On Wed, 29 Sep 2010 21:19:53 +0100
pete shorthose <pshorthose(a)gmail.com> wrote:
On 28/09/10 21:17, Arnold Krille wrote:
When such an audio-gui standard and configuration is developed, I would love to
participate. And use it in my apps. I think its a good idea, especially the
idea of allowing the user to switch between circular and linear behaviour for
round controls. And have that changes affect all apps supporting this
"standard".
i prefer to have both available at once. i think galan does this.
my need for the linear method stems from using the mouse for
recorded modulation, which radial is useless for. (you need to describe
a perfect circle in order to replicate the effects of a linear motion)
some might argue that no one should use a mouse for this stuff,
and they might be right, but i doubt they are offering to buy me
a nice control surface either :)
(even with such an alternative, linear mouse control is still
highly convenient for experimentation and rough sketches.)
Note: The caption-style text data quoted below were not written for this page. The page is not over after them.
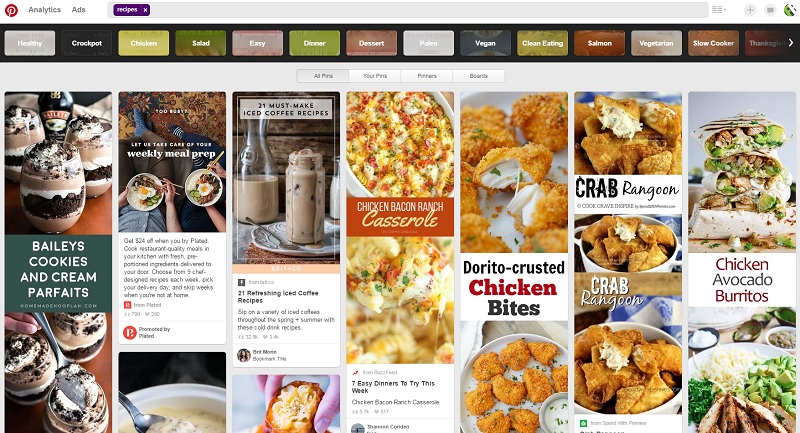 Pinterest Board Idea - Food and Drink Recipes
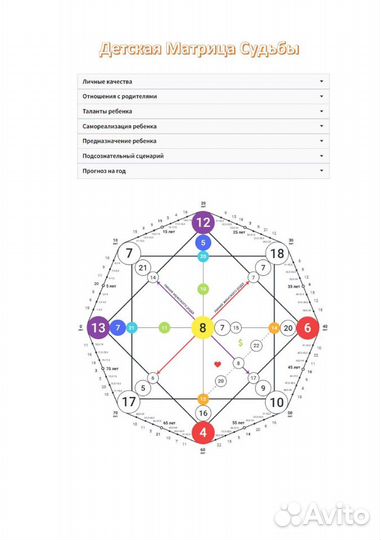 Матрица Судьбы Разбор по дате рождения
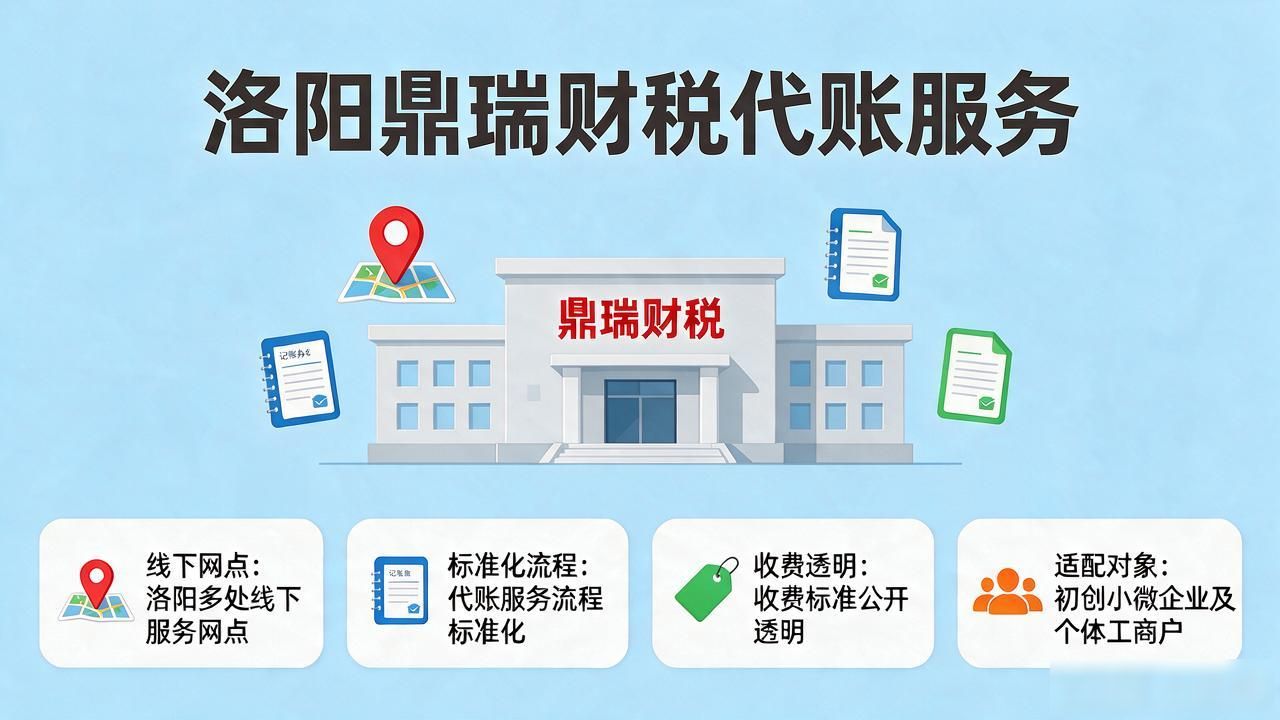 2026洛阳代理记账公司推荐：品牌测评与避坑指南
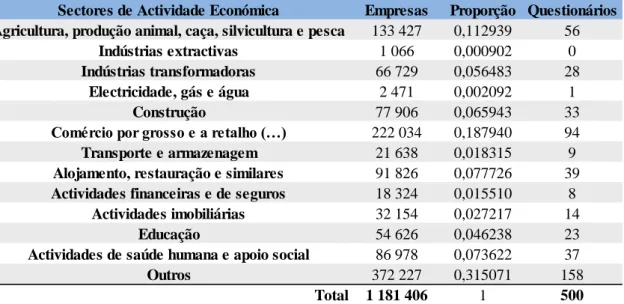 Tabela A4. 4 – Número de questionários a recolher por sector de actividade. 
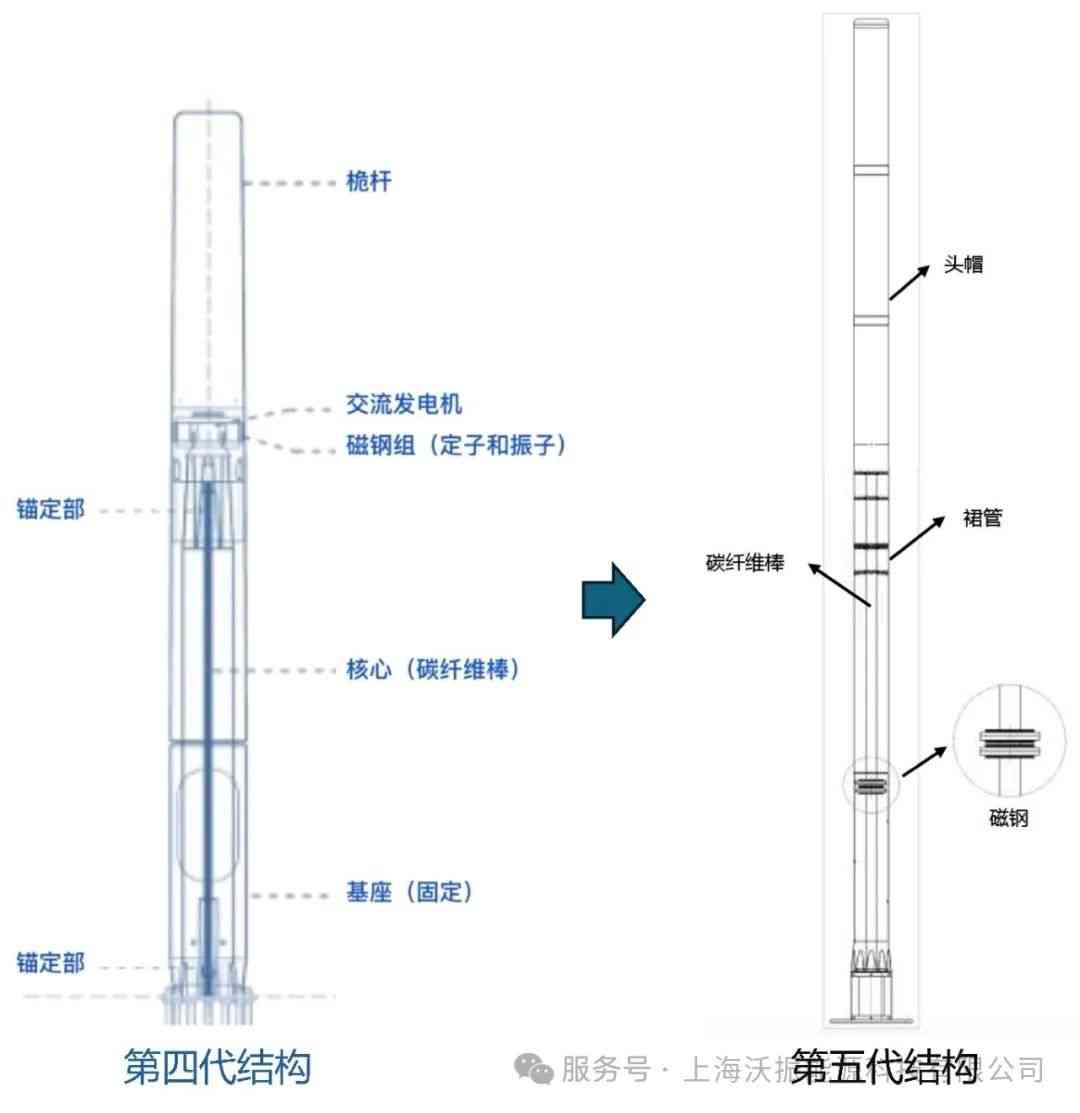 随风起舞的柱子：一场颠覆传统的风能革命正在到来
Please go on with this, don't bother with
toolkits and how they implement
graphics, make it a configuration definition, a global / per-user config file and
think about some simple libs to give easy access to these configs in all major
languages like C, C++, python and maybe some more. (The less dependencies
these libs have, the higher the chance of adoption...)
some kind of reference lib could help, preferably a static lib.
i hadn't thought of that. but bear in mind that most applications
make use of a specific configuration back end. i would expect
many developers to be loath to support more than one at once,
splitting configuration options across different systems may be a deal
breaker. but perhaps only so for the reference lib(s), not the underlying
standard so there's no harm in it that i can see.
we need input from the community to make it work though.
would people consider using it?
what control methods do people want/need? (a list of candidates
basically)
if people are sufficiently disinterested that they don't even comment
then the opening question of whether it's a viable or not answers itself.
cheers,
pete.
While generally not liking rotary control emulations, when I do come
across these I will only use ones with a linear action, the others I
find impossible to use effectively.
I would also suggest the enhancements that Rosegarden uses. The first is
the the action is in fact x+y / -x-y, so that either vertical or
horizontal movement works.
The second is that if you double click on the knob it pops up a spin
box that shows the numerical range, has up/down spinners and allows
direct numerical entry.
--
Will J Godfrey
Say you have a poem and I have a tune.
Exchange them and we can both have a poem, a tune, and a song.